[StBernard] Why Haley Barbour Is A Serious Republican Presidential Candidate

Westley Annis Westley at da-parish.com
Wed Mar 23 21:35:16 EDT 2011


Why Haley Barbour Is A Serious Republican Presidential Candidate

The easiest job in political punditry is to laugh off Mississippi Governor
Haley Barbour. On the surface, Barbour is almost a caricature of a Southern
pol. His delta accent is so thick you might think he was Billy Joe
MacAllister jumpin' off the Tallahatchie Bridge in Bobby Gentry's "Ode to
Billy Joe."

Mama hollered at the back door
"Y'all remember to wipe your feet."

Pictures of Barbour show a hog-jowled, self-described "fat redneck" - though
in person the newly slimmed Barbour (down 25 pounds) looks more like TV
anchorman, Lou Dobbs.

Finally, there is the lobbyist thing.

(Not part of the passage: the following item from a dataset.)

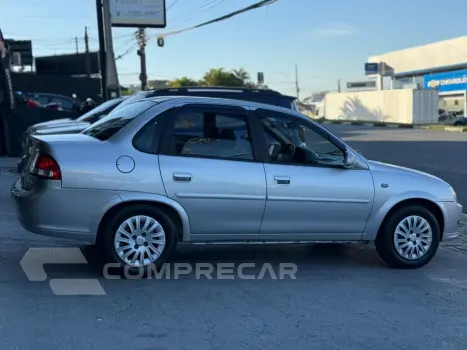 CLASSIC 1.0 MPFI LS 8V FLEX 4P MANUAL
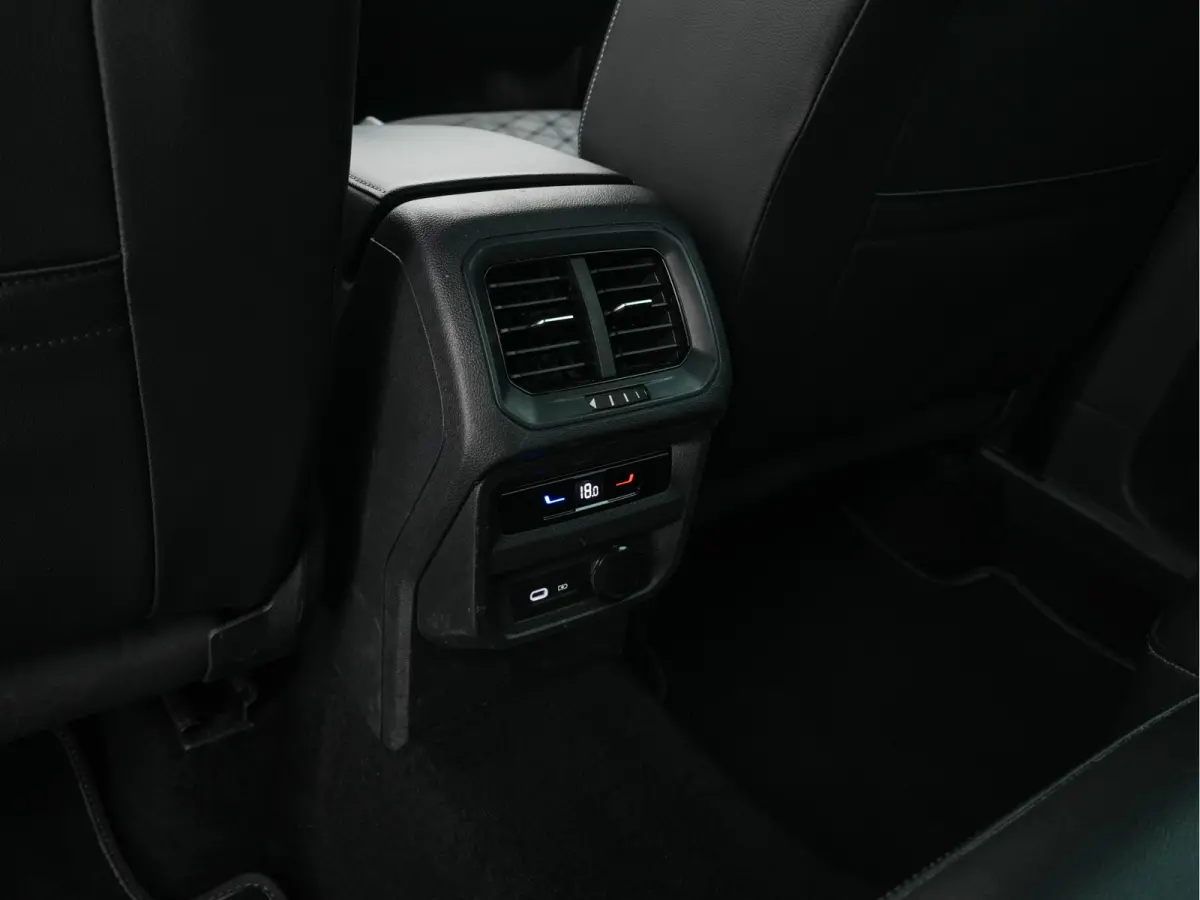 1.4 TSI eHybrid R-Line Business+ (Plug-in) (INCL-BTW) Aut. *LEATHER-FABRIC | FULL-LED | ADAPTIVE-CRUISE | CAMERA | DIGI-COCKPIT | KEYLESS | PRIVACY-GLASS | SPORTSEATS | SHIFTPADDLES | NAVI-F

In the decade between his time heading
up the Republican National Committee in the 1990s and his current gig as
Mississippi's governor, Barbour made millions representing the two
industries most hated by the media - big oil and big tobacco.

All of this led the Weekly Standard's influential conservative Bill Kristol
to call Barbour a "yahoo." Barbour, you see, is from Yazoo City, Miss. Yazoo
City = Yahoo. Very original, Mr. Kristol.

But there are four solid reasons why Barbour could be the Republican sleeper
in 2012. Let's look at them in ascending order.

4. The Republican field, less than 10 months from the 2012 Iowa caucuses,
does not have a front runner yet. Mitt Romney has troubles with evangelicals
and small government conservatives. Sarah Palin has squandered her fame
(though not her fortune) and now looks unserious. Mike Huckabee doesn't want
it . the telltale sign is that he has comfortably settled into his old
overweight self. Newt Gingrich, though he imagines himself a Churchill in
the wilderness, is past his sell date. Tim Pawlenty is trying to be all
things to all conservatives but so far he is unable to convey much passion.
Some deep part of Mitch Daniels apparently doesn't want the job. Jeb Bush
has the wrong last name. Chris Christie might be too regional.

3. Barbour is easily the most connected of all Republican candidates. He
knows every governor, most legislators, all the fundraisers. He is
well-liked.

2. He has performed well as Mississippi's governor, both during the
Hurricane Katrina crisis and in the everyday governor's stuff of tamping
down the state's notorious tort bar, balancing budgets and promoting
Mississippi as a place to do business. Barbour is, simply, a terrific
salesmen for Mississippi's business community.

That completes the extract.